Part of the problem is that the cosa tag in quay could get updated in the middle of a run, so pushing a quay.io tag in the release job would be too late I think.

How about we create a new toplevel job that then triggers build.Jenkinsfile. This new toplevel job is only run manually (i.e. when we manually run prod builds). This job will:

  • For the testing run (same for next):
    • create a quay.io/coreos-assembler/coreos-assembler-staging:fcos-testing tag based on current quay.io/coreos-assembler/coreos-assembler:main.
    • launch the build job for testing using this new container tag
  • For the stable run:
    • create a quay.io/coreos-assembler/coreos-assembler-staging:fcos-stable tag based on current quay.io/coreos-assembler-staging/coreos-assembler:fcos-testing.

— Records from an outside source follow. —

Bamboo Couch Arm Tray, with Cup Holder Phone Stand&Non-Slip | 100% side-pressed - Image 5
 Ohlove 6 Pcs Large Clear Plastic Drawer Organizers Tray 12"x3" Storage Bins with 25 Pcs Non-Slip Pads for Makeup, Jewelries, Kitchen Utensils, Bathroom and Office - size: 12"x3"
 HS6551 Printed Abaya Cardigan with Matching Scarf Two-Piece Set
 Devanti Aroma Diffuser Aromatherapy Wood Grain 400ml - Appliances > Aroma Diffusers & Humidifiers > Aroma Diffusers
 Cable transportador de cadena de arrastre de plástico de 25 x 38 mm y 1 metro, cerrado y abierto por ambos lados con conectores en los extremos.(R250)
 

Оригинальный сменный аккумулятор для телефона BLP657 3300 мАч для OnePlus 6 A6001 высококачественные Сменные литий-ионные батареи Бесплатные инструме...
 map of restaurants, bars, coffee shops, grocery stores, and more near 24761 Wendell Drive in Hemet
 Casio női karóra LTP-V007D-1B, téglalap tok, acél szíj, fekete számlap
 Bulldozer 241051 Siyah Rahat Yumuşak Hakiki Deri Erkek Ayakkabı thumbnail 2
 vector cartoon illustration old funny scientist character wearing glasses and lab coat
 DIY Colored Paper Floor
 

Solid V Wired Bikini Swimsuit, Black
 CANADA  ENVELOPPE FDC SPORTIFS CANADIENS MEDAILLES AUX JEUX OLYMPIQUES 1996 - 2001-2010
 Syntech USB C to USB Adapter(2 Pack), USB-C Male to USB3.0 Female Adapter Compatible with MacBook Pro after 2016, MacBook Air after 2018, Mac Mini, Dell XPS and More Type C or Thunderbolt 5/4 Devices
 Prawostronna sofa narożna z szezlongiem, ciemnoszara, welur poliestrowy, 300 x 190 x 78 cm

This kind of requires that stable run before testing in the triple release workflow, otherwise the fcos-testing tag would have been updated with today's update rather than the one from two weeks ago. One idea here is to run all 3 builds as part of this job (i.e. one job triggers the build job for stable, testing and next). That way the ordering is enforced.

We could also verify that the prod streams use the right COSA image by codifying it in the build.Jeninsfile job.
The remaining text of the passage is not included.